Les élèves ne sont pas des enfants
Il faut aussi en outre ne jamais perdre de vue que la relation parents/enfants est purement symbolique. Si un professeur doit être respecté pour le savoir qu’il possède dans la pratique martiale, il convient qu’il n’oublie jamais que cela ne lui donne en aucun cas une valeur supérieure à quiconque. Il est d’ailleurs plus que probable que chacun de ses élèves puisse être son enseignant dans un domaine ou un autre. Infantiliser les pratiquants, les menacer, leur faire du chantage affectif, sont tout autant de comportements intolérables à bannir.


Shu ha ri
“(Shu ha ri) s’applique à toutes les techniques traditionnelles, que ce soit dans le Chado, la voie du thé, le Kado, l’arrangement floral, etc. Toutes ces voies s’étudient ainsi et passent par ces étapes. Shu est l’étape où l’on suit scrupuleusement l’enseignement de son maître jusqu’à arriver à reproduire exactement les techniques. Une fois arrivé à ce niveau on essaye de voir ce que tel ou tel changement implique. On sort du moule pour continuer son étude. C’est ha. Finalement on dépasse les contradictions et la technique devient sienne. C’est ri.”
Tamura Nobuyoshi



Shu ha ri représente aussi symboliquement le passage de l’enfance à l’âge adulte.
L’étape shu correspond à l’enfance. On copie. On essaye de faire comme papa maman. L’étape ha correspond à l’adolescence. On veut faire différemment. On veut vivre ses propres expériences. Ri, enfin, est l’âge adulte. On n’essaye plus de copier ou faire le contraire de ses parents. Nos actes ne sont plus supposés être en réaction.

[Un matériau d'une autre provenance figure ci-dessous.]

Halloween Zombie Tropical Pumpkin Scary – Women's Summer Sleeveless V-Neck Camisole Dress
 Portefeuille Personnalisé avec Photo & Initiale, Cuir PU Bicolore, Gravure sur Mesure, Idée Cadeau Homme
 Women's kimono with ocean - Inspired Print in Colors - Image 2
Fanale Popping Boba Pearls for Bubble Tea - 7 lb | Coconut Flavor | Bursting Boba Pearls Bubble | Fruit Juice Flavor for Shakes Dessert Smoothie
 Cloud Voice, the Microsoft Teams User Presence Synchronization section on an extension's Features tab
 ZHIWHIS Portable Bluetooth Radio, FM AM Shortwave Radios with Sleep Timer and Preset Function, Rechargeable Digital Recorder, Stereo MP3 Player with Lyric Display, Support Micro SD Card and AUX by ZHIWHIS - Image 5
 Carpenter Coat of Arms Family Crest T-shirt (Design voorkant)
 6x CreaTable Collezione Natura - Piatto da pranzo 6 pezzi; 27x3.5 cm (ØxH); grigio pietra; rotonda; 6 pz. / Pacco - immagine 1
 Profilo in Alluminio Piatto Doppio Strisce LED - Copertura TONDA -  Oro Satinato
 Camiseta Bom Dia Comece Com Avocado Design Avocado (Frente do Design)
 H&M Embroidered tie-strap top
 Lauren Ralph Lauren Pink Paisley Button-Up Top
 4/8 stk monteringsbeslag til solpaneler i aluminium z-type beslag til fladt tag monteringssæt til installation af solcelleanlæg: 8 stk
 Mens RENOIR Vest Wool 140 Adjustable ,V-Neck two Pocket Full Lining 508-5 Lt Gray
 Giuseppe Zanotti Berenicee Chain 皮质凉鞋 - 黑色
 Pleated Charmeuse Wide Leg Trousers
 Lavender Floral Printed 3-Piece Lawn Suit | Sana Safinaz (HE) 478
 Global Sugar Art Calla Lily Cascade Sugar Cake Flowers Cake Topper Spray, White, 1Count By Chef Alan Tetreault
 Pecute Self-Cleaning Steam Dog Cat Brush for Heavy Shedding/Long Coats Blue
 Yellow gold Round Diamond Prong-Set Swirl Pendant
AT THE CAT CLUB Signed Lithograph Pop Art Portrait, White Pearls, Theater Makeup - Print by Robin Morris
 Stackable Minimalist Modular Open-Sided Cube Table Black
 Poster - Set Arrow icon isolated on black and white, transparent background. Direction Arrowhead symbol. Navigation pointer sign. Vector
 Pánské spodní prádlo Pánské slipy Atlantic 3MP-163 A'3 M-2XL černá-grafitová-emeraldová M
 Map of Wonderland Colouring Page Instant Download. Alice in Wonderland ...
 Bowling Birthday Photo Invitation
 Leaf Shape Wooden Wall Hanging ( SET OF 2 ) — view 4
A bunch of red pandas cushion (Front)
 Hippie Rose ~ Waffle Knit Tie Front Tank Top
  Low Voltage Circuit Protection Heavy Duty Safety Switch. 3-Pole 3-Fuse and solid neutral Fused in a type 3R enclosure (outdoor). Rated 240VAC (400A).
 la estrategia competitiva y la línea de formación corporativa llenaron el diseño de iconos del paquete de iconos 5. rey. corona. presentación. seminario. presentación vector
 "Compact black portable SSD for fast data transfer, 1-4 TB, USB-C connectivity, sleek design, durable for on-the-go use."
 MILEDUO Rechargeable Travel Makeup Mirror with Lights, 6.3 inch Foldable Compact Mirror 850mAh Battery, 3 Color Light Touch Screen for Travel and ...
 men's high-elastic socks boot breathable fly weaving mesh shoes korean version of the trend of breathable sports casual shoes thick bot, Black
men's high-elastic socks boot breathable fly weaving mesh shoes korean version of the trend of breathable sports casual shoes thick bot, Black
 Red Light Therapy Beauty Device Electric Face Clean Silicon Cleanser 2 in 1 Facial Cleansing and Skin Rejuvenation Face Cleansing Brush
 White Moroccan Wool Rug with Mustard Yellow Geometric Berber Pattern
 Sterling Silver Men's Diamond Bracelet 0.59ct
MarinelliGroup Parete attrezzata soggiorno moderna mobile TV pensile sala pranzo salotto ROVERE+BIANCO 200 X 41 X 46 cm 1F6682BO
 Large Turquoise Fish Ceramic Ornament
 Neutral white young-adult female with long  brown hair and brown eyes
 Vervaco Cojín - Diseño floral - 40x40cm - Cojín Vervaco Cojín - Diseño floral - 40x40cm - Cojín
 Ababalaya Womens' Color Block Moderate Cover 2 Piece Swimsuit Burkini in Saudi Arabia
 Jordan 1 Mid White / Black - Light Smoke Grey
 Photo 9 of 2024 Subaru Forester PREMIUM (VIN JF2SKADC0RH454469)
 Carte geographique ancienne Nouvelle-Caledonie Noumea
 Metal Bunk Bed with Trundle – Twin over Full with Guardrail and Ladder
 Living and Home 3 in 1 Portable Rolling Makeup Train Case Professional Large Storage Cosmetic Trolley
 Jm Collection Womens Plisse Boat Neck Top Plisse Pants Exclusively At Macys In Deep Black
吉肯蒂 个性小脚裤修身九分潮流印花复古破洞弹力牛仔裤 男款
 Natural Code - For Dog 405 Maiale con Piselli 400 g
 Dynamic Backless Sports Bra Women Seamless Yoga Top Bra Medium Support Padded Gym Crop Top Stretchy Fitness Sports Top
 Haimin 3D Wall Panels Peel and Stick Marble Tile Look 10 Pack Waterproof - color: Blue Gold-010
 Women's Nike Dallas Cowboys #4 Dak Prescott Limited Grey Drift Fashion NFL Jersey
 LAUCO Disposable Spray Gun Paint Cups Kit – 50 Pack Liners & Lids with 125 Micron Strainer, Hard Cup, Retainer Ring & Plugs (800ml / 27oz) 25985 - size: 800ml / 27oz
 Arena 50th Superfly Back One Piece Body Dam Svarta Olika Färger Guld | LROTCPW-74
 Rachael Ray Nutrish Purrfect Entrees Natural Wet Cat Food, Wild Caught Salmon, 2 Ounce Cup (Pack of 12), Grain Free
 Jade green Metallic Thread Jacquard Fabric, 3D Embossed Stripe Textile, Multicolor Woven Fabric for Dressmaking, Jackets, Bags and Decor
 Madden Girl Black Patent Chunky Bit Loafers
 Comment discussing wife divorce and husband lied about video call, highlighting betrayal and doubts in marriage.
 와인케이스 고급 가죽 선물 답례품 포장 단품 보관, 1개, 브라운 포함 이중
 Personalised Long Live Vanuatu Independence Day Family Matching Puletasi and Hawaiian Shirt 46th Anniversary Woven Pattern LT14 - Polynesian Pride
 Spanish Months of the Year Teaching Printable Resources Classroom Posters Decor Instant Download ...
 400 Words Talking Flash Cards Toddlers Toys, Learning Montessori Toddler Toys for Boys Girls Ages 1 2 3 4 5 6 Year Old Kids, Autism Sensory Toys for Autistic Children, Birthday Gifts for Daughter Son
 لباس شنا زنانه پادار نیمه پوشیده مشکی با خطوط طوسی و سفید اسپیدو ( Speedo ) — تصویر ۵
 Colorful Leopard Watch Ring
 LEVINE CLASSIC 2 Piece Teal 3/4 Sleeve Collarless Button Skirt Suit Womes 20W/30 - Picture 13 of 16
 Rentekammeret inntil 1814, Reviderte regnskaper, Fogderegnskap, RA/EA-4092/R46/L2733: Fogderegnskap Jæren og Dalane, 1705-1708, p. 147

Bien entendu être sorti de l’adolescence ne signifie pas que l’on sache tout. Et chaque instant de notre vie peut, jusqu’au dernier, être source d’évolution. Notez en outre que shu ha ri est un processus riche qui comporte de nombreux enseignements, et d’autres niveaux de lecture.
“Shu est l’étape où l’on suit scrupuleusement l’enseignement de son maître jusqu’à arriver à reproduire exactement les techniques. Une fois arrivé à ce niveau on essaye de voir ce que tel ou tel changement implique. On sort du moule pour continuer son étude. C’est ha.”